Crawled caption data
:::

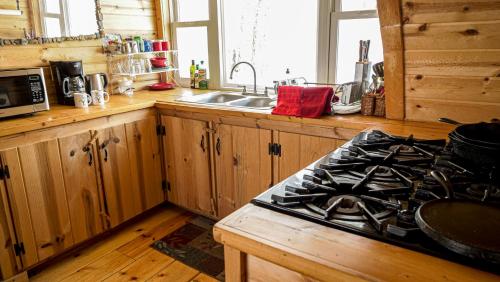 Aubin Sky Lodging at the YL Ranch - image 4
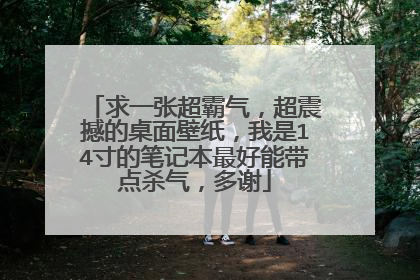 求一张超霸气,超震撼的桌面壁纸,我是14寸的笔记本最好能带点杀气,多谢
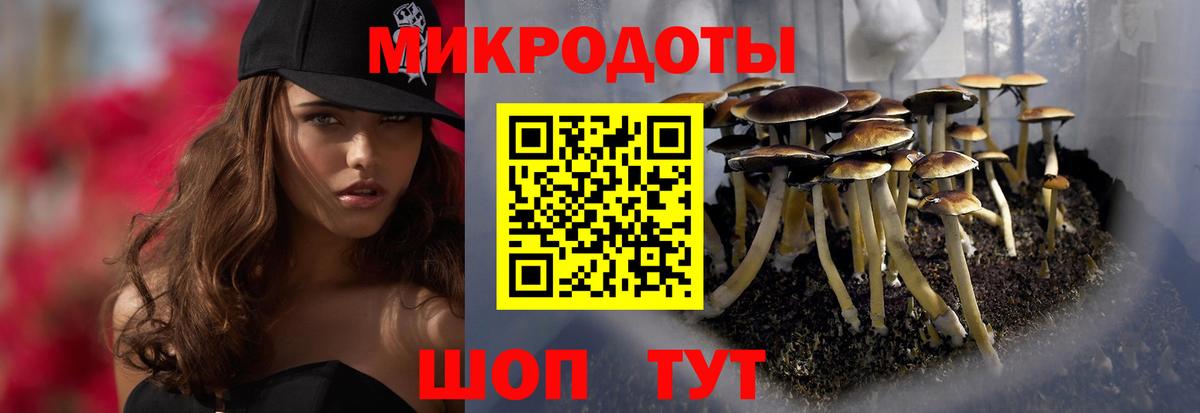 Асино  Псилоцибиновые грибы Psilocybine cubensis  Вход с VPN 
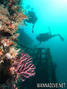 foto de buceo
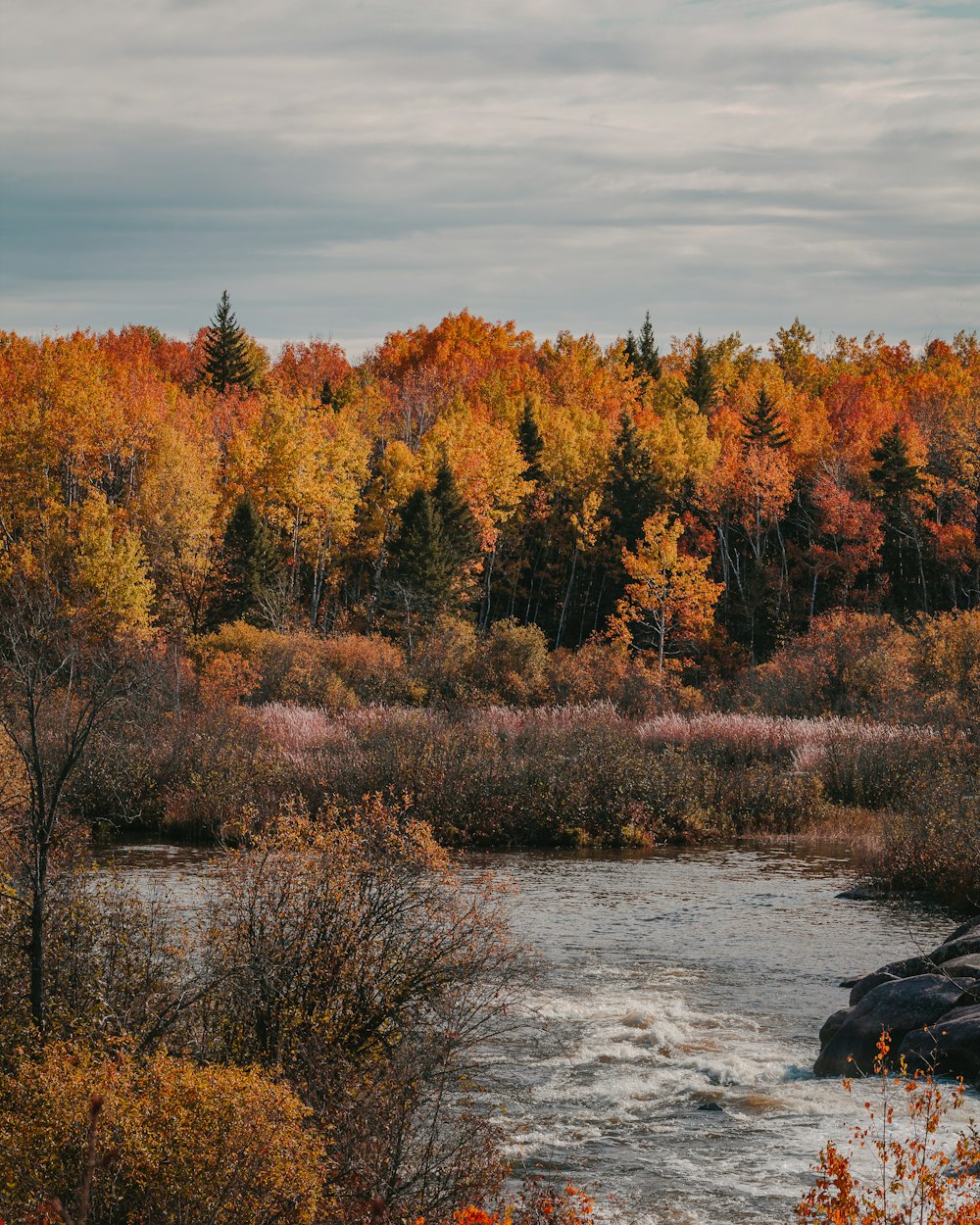 brown trees beside river under cloudy sky during daytime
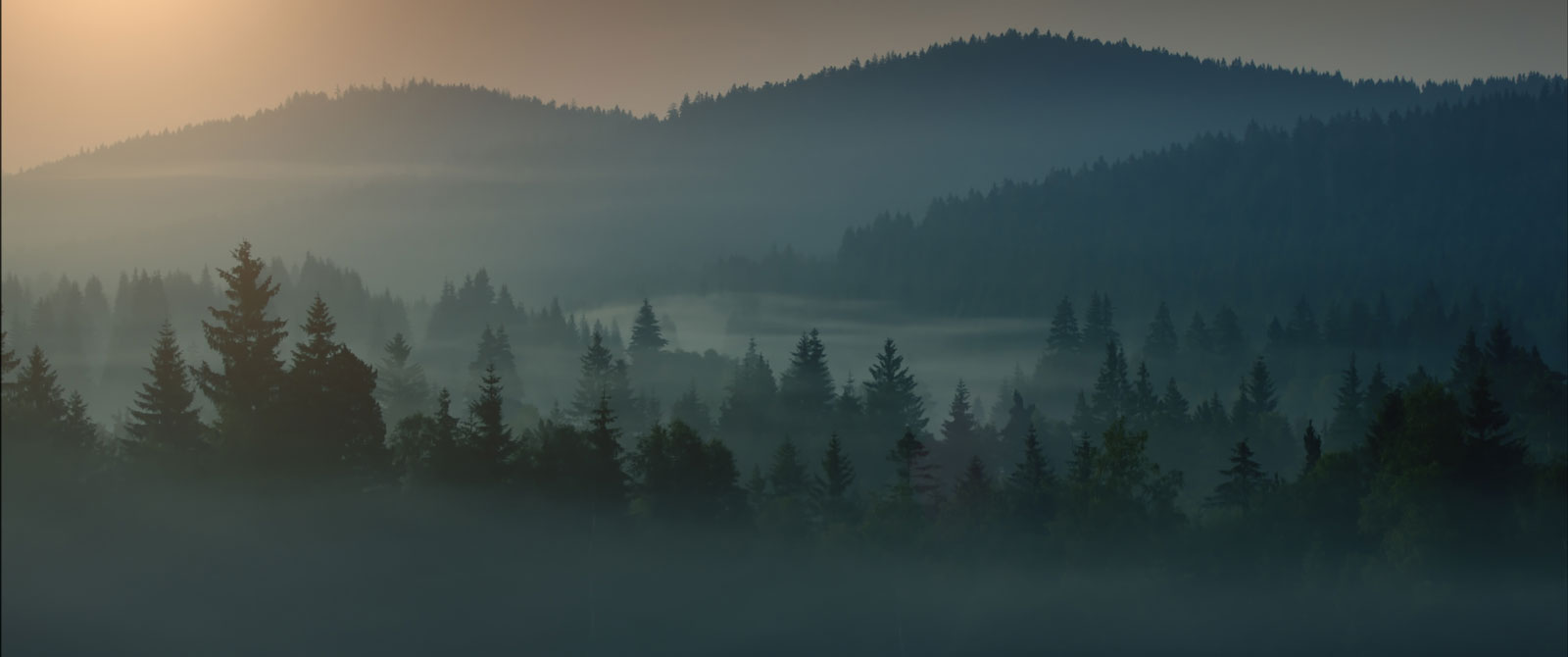 Dokumentarfilm 'Der Wilde Wald' - Filmstill: Bewaldete Huegel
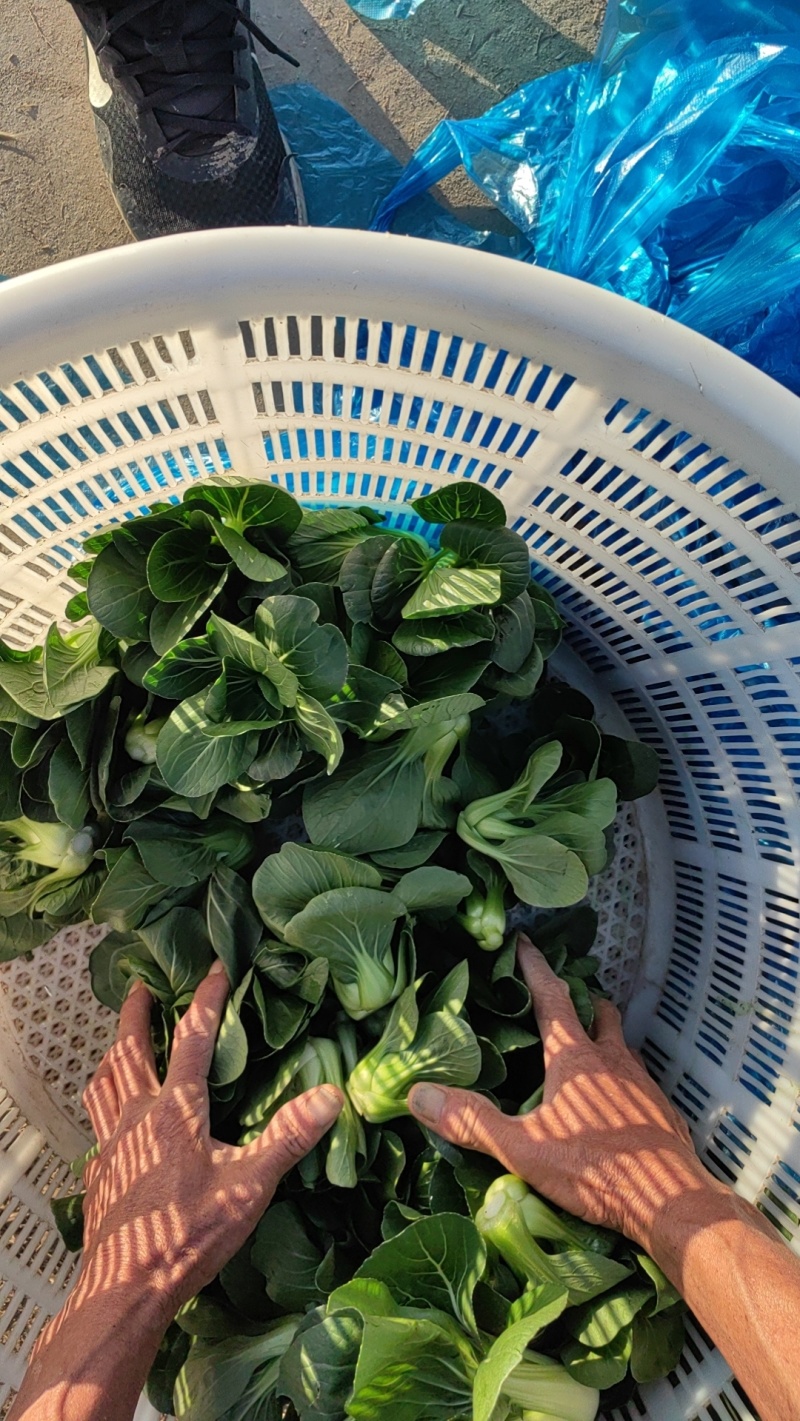 上海青，七宝青，矮脚青，小黑菜，精黑矮脚青，青菜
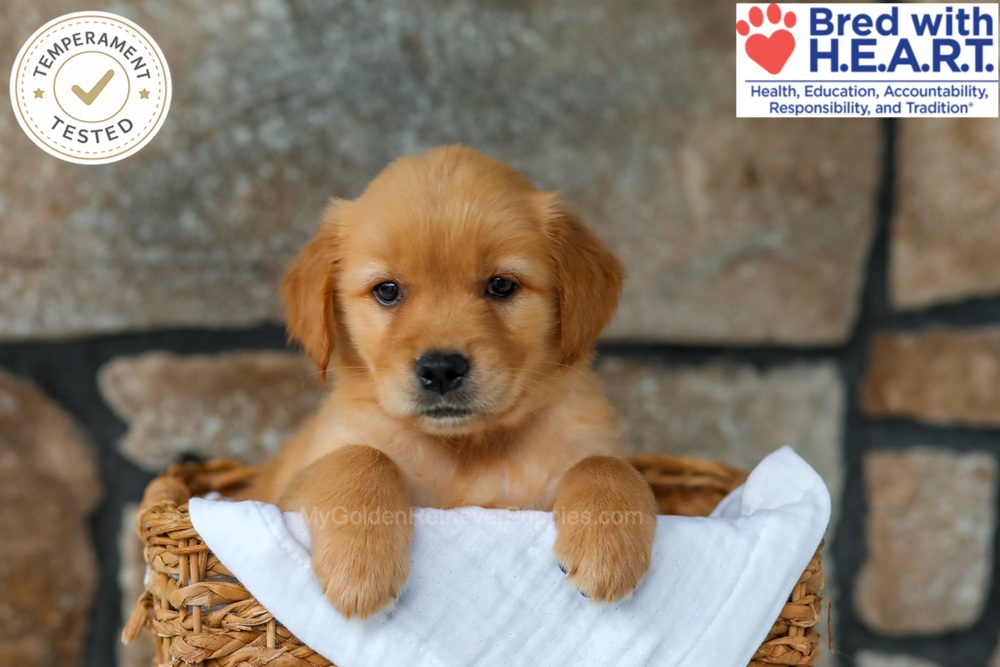 Peaches Image of Peaches, a Golden Retriever puppy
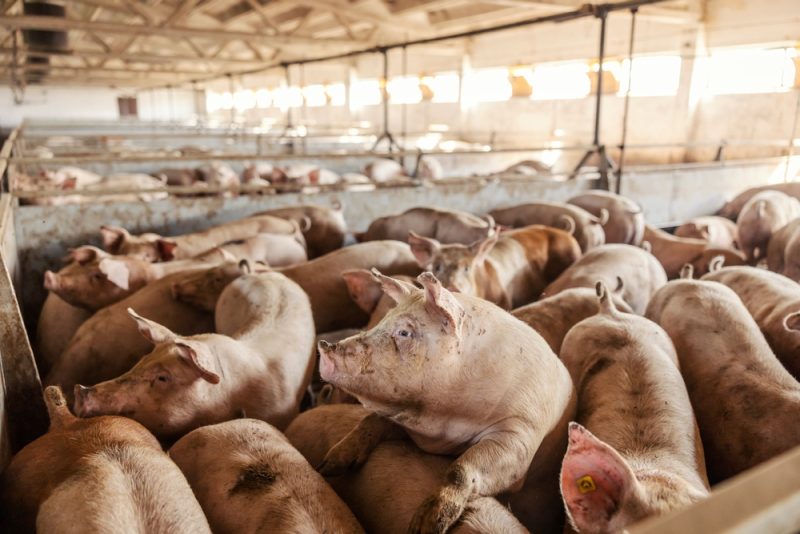 Mehr Tierhaltungsbetriebe von neuen EU-Vorschriften betroffen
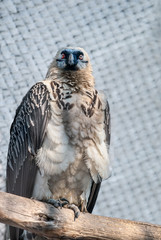 Bearded vulture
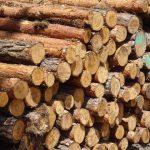 Peluang Bisnis Kayu Gelondongan yang Menjanjikan di Tengah Tingginya Permintaan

:::

> **THE TASK**
What is needed is an exact copy of the lines from the one with "Псилоцибиновые грибы Psilocybine" through the end of the data above, both included, minus any pictures.

> **TASK OUTPUT**
 Асино  Псилоцибиновые грибы Psilocybine cubensis  Вход с VPN 
 foto de buceo
 brown trees beside river under cloudy sky during daytime
 Dokumentarfilm 'Der Wilde Wald' - Filmstill: Bewaldete Huegel
 上海青，七宝青，矮脚青，小黑菜，精黑矮脚青，青菜
 Peaches Image of Peaches, a Golden Retriever puppy
 Mehr Tierhaltungsbetriebe von neuen EU-Vorschriften betroffen
 Bearded vulture
 Peluang Bisnis Kayu Gelondongan yang Menjanjikan di Tengah Tingginya Permintaan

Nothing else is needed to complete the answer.